-- Opening Marker --

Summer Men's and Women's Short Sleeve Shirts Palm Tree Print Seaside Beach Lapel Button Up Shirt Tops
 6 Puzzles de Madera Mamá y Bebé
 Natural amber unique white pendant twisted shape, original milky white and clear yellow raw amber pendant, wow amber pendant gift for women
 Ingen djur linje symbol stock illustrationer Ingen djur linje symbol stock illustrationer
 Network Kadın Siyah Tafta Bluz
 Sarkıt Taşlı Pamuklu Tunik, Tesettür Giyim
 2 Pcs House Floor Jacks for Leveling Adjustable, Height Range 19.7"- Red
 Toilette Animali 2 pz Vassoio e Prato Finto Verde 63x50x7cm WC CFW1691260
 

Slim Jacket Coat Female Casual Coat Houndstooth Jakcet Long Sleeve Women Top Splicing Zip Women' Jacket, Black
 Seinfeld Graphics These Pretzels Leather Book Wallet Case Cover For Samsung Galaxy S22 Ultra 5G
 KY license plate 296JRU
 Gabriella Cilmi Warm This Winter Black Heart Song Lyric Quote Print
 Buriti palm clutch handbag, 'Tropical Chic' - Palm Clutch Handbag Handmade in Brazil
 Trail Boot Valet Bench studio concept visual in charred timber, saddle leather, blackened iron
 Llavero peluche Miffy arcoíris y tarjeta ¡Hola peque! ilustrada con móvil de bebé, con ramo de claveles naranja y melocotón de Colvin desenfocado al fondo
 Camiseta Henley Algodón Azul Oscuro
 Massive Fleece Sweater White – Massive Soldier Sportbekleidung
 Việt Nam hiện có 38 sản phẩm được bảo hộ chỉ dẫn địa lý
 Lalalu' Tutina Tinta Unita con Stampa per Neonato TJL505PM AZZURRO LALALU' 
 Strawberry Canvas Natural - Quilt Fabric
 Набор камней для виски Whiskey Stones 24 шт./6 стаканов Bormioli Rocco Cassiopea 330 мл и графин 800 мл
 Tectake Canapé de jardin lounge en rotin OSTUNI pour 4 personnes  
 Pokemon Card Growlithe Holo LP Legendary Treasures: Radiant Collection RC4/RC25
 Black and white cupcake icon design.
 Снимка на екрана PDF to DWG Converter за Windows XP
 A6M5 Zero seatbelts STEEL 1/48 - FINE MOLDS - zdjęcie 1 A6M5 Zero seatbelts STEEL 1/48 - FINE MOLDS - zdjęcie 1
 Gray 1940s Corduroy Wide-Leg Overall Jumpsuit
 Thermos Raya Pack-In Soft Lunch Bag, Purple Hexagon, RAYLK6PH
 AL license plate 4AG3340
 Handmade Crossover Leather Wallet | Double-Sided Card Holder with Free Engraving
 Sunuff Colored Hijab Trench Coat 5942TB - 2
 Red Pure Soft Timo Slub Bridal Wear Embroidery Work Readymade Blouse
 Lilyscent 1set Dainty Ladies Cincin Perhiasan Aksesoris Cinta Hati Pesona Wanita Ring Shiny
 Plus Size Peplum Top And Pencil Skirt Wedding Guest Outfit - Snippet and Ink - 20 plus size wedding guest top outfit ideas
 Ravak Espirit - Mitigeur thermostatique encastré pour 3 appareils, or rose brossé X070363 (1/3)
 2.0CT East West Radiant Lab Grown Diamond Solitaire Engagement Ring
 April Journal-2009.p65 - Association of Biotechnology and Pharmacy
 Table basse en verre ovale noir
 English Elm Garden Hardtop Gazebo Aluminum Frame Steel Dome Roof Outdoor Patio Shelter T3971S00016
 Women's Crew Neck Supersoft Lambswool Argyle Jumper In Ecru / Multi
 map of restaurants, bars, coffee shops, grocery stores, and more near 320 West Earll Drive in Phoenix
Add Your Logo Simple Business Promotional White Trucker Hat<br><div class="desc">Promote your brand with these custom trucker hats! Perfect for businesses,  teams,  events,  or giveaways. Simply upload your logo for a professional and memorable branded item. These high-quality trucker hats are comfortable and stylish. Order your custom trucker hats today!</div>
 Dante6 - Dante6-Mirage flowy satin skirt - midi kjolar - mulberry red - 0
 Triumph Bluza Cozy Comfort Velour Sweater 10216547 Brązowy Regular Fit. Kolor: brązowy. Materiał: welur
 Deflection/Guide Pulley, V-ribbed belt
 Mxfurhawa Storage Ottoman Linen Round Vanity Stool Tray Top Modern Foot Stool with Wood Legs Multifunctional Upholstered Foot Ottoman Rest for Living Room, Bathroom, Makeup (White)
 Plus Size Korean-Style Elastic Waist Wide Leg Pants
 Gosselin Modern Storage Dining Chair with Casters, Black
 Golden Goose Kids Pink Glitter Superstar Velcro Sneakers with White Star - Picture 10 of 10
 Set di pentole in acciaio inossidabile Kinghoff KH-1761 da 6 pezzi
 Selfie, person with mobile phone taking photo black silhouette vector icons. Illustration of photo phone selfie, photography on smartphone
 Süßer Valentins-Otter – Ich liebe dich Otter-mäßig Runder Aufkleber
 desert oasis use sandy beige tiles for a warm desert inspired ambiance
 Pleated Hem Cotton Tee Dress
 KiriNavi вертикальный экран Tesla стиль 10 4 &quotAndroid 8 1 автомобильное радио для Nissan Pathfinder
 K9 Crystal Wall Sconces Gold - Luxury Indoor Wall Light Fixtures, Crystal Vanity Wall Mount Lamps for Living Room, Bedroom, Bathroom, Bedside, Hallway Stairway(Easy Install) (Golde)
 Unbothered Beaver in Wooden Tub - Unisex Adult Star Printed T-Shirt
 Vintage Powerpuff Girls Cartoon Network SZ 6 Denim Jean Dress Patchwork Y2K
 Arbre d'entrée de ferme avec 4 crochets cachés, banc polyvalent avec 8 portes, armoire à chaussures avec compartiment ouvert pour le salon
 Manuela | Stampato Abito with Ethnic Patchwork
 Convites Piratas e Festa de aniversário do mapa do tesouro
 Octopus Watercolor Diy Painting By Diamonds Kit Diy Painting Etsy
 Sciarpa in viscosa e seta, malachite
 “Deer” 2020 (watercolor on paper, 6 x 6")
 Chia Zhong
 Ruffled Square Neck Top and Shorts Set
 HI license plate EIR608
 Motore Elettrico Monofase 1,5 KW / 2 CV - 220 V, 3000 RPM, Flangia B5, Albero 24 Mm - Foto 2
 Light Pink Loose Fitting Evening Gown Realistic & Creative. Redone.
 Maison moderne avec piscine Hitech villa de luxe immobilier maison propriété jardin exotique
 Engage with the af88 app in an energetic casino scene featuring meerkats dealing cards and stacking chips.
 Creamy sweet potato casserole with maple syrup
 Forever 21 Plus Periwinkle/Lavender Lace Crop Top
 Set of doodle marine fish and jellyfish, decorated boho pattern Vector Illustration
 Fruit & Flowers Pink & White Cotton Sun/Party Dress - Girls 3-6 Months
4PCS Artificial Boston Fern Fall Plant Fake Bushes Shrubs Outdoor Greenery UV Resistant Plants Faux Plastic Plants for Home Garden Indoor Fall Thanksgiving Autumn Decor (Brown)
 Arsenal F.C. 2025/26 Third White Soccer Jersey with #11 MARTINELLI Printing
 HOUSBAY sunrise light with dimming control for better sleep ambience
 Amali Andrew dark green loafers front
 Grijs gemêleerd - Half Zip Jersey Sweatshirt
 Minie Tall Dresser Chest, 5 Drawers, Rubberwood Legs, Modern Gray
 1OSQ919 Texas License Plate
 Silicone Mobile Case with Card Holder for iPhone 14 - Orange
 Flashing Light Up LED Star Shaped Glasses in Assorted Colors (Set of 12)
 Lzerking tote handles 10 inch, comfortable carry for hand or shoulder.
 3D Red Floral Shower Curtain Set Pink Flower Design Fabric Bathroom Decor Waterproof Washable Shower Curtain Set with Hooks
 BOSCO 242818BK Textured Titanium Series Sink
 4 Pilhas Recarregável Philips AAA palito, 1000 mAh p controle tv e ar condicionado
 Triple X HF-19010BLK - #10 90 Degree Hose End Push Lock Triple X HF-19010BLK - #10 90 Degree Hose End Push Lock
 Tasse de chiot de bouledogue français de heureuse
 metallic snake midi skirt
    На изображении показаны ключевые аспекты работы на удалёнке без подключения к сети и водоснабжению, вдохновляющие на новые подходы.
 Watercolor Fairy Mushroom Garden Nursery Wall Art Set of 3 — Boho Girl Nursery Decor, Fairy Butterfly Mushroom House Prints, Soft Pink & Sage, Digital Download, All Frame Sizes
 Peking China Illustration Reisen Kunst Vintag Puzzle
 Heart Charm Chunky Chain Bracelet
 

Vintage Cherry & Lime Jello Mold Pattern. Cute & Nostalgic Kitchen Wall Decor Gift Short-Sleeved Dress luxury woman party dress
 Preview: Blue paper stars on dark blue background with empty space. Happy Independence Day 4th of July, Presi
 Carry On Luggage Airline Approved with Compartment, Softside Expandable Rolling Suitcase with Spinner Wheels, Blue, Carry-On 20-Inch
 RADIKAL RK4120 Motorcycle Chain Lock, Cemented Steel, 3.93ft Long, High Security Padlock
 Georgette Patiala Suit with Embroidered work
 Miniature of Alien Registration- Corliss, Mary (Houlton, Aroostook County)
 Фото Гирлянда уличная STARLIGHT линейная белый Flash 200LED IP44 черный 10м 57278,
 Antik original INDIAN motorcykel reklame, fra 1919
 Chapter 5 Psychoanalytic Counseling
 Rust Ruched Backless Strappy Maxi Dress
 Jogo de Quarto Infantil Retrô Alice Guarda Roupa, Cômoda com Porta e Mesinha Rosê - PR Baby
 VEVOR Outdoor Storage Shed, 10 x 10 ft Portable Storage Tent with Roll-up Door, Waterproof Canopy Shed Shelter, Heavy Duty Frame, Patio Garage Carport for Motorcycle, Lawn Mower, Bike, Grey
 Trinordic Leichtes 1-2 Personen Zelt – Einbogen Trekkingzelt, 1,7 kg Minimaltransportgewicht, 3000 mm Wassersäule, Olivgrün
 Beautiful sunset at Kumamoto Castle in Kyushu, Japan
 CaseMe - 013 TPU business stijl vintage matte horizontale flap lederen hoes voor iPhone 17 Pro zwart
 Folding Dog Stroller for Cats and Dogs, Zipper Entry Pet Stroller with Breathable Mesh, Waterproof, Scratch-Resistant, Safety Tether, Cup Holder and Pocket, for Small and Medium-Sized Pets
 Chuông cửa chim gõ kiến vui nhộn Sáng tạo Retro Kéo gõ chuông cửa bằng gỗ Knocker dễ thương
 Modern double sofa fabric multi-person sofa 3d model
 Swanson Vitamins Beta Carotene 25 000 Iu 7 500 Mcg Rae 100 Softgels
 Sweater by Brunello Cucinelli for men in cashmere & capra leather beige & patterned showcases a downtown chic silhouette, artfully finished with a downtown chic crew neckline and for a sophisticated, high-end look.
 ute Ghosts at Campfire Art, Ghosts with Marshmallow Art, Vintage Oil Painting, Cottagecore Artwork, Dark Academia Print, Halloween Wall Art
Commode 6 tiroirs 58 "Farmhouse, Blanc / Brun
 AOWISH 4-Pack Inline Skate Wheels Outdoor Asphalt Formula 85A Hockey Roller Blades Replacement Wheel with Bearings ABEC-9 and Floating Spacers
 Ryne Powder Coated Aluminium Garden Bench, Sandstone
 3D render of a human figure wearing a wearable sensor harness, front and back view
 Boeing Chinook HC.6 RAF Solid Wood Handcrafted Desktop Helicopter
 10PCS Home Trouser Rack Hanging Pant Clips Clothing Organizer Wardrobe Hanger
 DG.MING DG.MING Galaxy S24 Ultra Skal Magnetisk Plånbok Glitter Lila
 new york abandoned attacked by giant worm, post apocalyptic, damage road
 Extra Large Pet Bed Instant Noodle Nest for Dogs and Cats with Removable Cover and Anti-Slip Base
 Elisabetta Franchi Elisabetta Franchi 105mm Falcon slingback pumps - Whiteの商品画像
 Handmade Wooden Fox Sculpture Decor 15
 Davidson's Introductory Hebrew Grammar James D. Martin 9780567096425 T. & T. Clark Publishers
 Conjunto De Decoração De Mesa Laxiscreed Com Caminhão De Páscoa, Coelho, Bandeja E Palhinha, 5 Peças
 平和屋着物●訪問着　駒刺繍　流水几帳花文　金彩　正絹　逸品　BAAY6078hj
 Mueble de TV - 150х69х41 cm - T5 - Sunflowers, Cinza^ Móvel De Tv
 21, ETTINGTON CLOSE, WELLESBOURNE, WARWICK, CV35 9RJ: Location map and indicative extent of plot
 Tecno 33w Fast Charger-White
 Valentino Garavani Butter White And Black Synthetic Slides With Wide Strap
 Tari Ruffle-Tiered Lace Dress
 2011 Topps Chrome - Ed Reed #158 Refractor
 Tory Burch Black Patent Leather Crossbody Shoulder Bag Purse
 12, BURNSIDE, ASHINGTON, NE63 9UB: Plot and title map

-- Closing Marker --

Required work: From the listing above, repeat exactly the lines starting at the line that includes "4 Pilhas Recarregável" and ending at the line that includes "Preview: Blue paper", with nothing outside that span.

Exercise answer:
 4 Pilhas Recarregável Philips AAA palito, 1000 mAh p controle tv e ar condicionado
 Triple X HF-19010BLK - #10 90 Degree Hose End Push Lock Triple X HF-19010BLK - #10 90 Degree Hose End Push Lock
 Tasse de chiot de bouledogue français de heureuse
 metallic snake midi skirt
    На изображении показаны ключевые аспекты работы на удалёнке без подключения к сети и водоснабжению, вдохновляющие на новые подходы.
 Watercolor Fairy Mushroom Garden Nursery Wall Art Set of 3 — Boho Girl Nursery Decor, Fairy Butterfly Mushroom House Prints, Soft Pink & Sage, Digital Download, All Frame Sizes
 Peking China Illustration Reisen Kunst Vintag Puzzle
 Heart Charm Chunky Chain Bracelet
 

Vintage Cherry & Lime Jello Mold Pattern. Cute & Nostalgic Kitchen Wall Decor Gift Short-Sleeved Dress luxury woman party dress
 Preview: Blue paper stars on dark blue background with empty space. Happy Independence Day 4th of July, Presi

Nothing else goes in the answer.